Aston Villa should at least take a look at Carles Gil this summer

The Spaniard spent the season out on loan from Aston Villa at Deportivo La Coruna.

Mathew Coull



It looks as though Carles Gil will be leaving Aston Villa this summer. The Birmingham Mail reported this week that the Spaniard has no future at Villa Park, with the club looking to offload him in the summer.

An apparent obligation on the part of his current loan club Deportivo La Coruna to bring him in permanently has now been denied in the Spanish press. Marca now claims the permanent deal is void, after Depor’s relegation from La Liga.

It comes after a difficult season for Gil, in which he suffered a hernia problem and was eventually frozen out by new manager Clarence Seedorf.

But ask any Aston Villa fan and they will tell you that Gil is immensely talented. In fact, many would like to see him get another chance in England.

So should he?

Aston Villa paid Valencia a fee of around £3.2 million for the player, according to BBC Sport. It came after two excellent seasons out on loan at fellow Spanish club Elche.

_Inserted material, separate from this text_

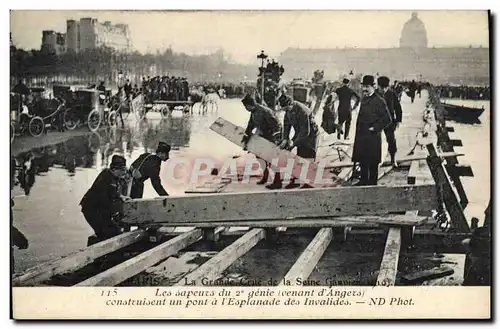 Cartes postales Militaria Paris Crue de la Seine Etablissement d&#39une passerelle sur chevalets par les sapeurs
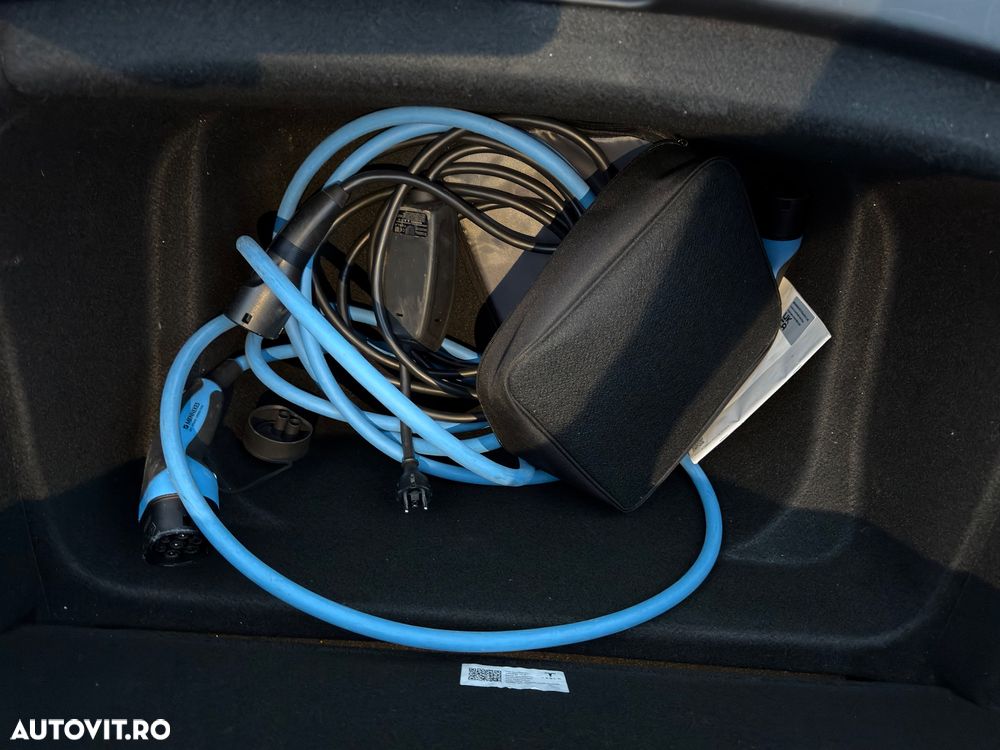 Tesla Model Y Long Range Dual Motor AWD - 33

Therefore, retrieving such a fee for the player would surely not be a difficult task for the club. But he clearly still has something to offer, especially if Villa remain in the Championship.

(Photo by Laurence Griffiths/Getty Images)

Gil was one of only a few players to come away from Aston Villa’s relegation campaign with any semblance of dignity and in his first half season at the club looked a real talent.

At just 25-years-old there is also still plenty of scope for him to improve. If Villa stay down again this season then major investment in recruitment is bound to diminish. So having a player with the talent of Gil still around at the club could be like a new signing for Villa.

It certainly seems as though Tony Xia and Steve Bruce want to banish any memory of that awful Aston Villa side that was relegated to the Championship. However, Gil might be one of the very few from that squad with redeemable qualities.

At the very least, it is worth keeping him through pre-season and seeing what he can do. If Bruce does not like what he sees, he can give Gil the boot before the transfer window shuts.

But if he does? Well, Gil could easily resurrect himself a decent career at Villa Park.